ENTRIES SHOWN START
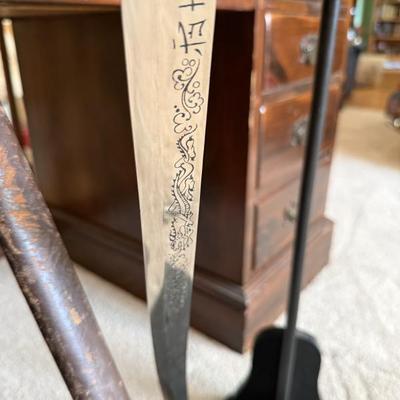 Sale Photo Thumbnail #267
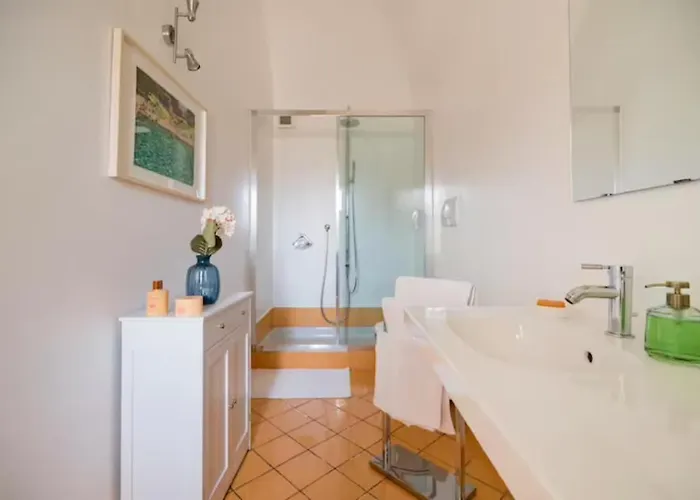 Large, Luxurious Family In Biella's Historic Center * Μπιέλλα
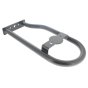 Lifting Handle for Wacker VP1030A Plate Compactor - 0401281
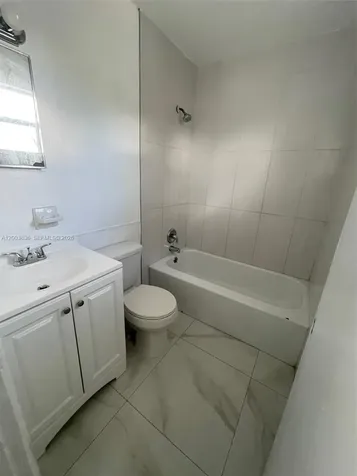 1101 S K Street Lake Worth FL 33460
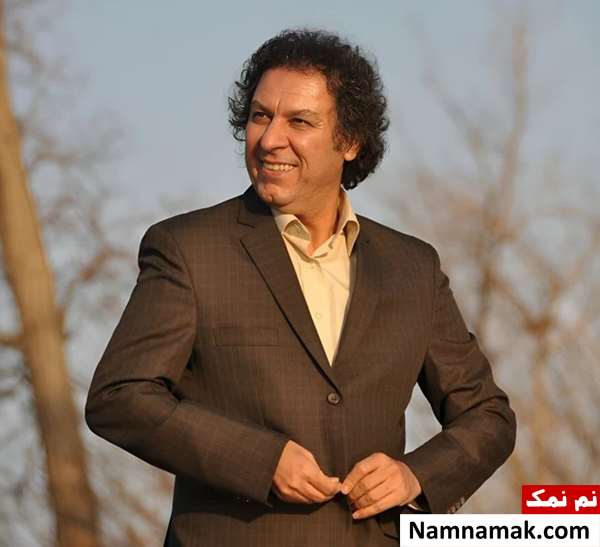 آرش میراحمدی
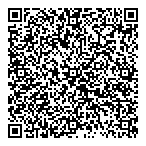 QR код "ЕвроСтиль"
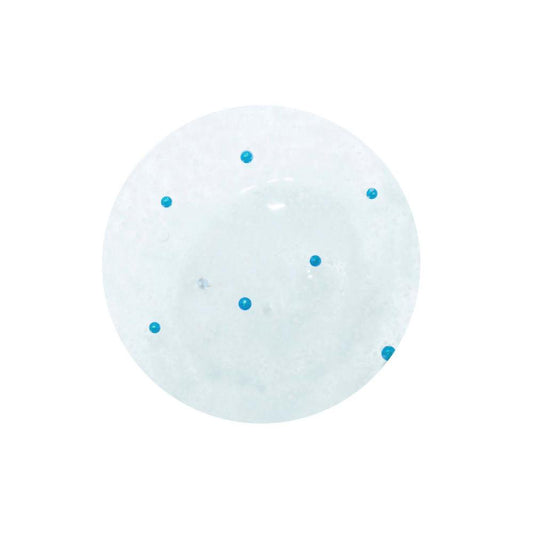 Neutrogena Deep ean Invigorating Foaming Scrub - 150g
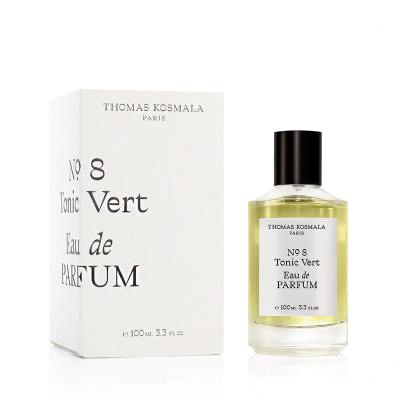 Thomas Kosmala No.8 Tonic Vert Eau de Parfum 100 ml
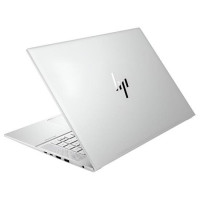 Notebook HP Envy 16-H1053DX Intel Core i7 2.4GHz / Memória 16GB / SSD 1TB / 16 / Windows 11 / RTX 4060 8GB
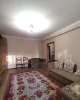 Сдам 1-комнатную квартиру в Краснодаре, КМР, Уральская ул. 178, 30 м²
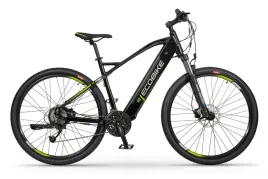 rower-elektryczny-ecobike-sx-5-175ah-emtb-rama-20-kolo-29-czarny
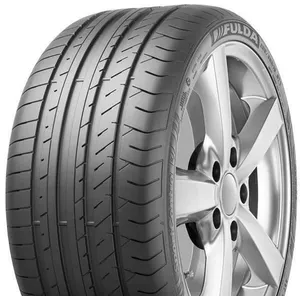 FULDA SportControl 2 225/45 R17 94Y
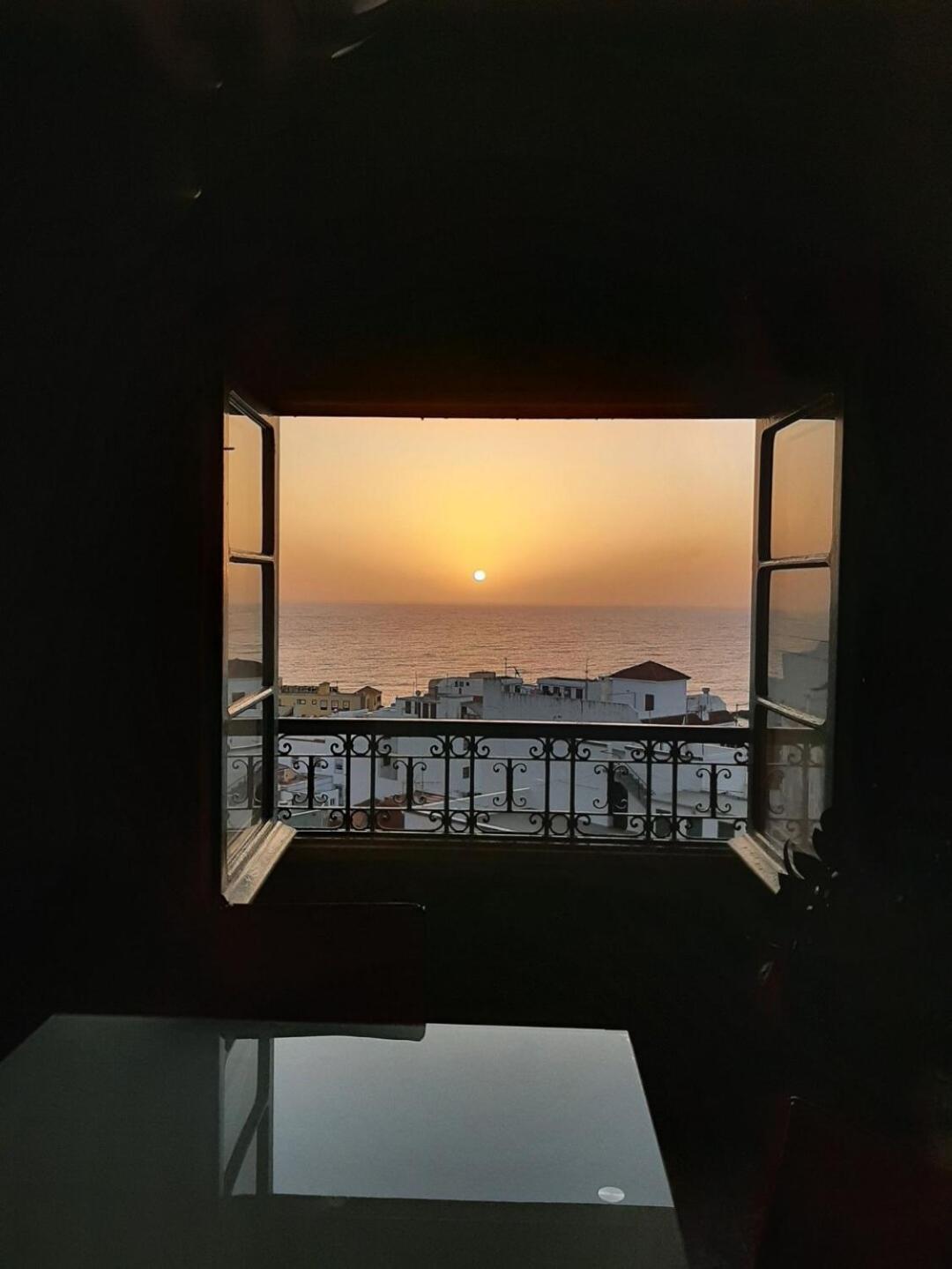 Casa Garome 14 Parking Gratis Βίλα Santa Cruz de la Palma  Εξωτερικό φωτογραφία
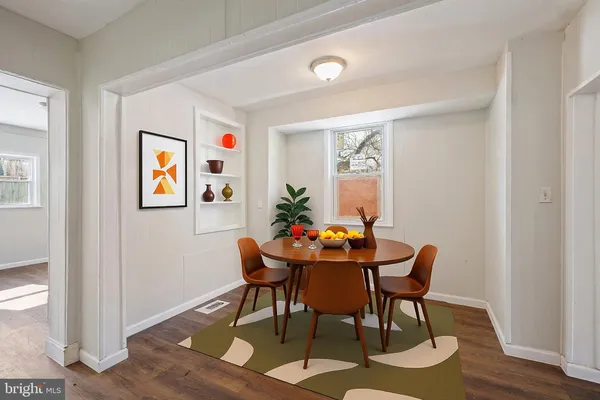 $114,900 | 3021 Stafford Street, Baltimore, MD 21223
ENTRIES SHOWN END
ENTRIES SHOWN START
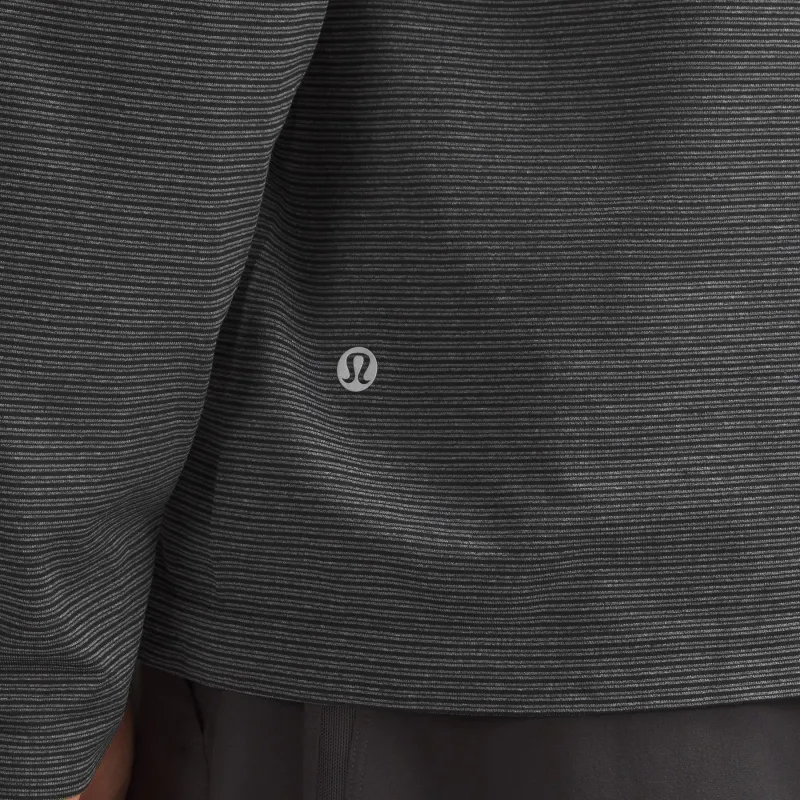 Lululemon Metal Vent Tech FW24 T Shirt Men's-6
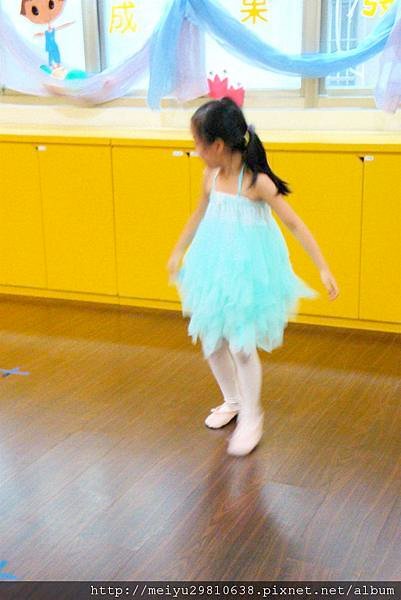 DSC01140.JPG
ENTRIES SHOWN END
### PROBLEM DETAILS:
Beginning with the line above that contains "rower-elektryczny-ecobike-sx-5-175ah-emtb-rama-20-kolo-29-czarny" and ending with the line that contains "Baltimore, MD 21223", quote each line exactly, keeping out the pictures.

### SOLUTION TO THIS TASK:
 rower-elektryczny-ecobike-sx-5-175ah-emtb-rama-20-kolo-29-czarny
 FULDA SportControl 2 225/45 R17 94Y
 Casa Garome 14 Parking Gratis Βίλα Santa Cruz de la Palma  Εξωτερικό φωτογραφία
 $114,900 | 3021 Stafford Street, Baltimore, MD 21223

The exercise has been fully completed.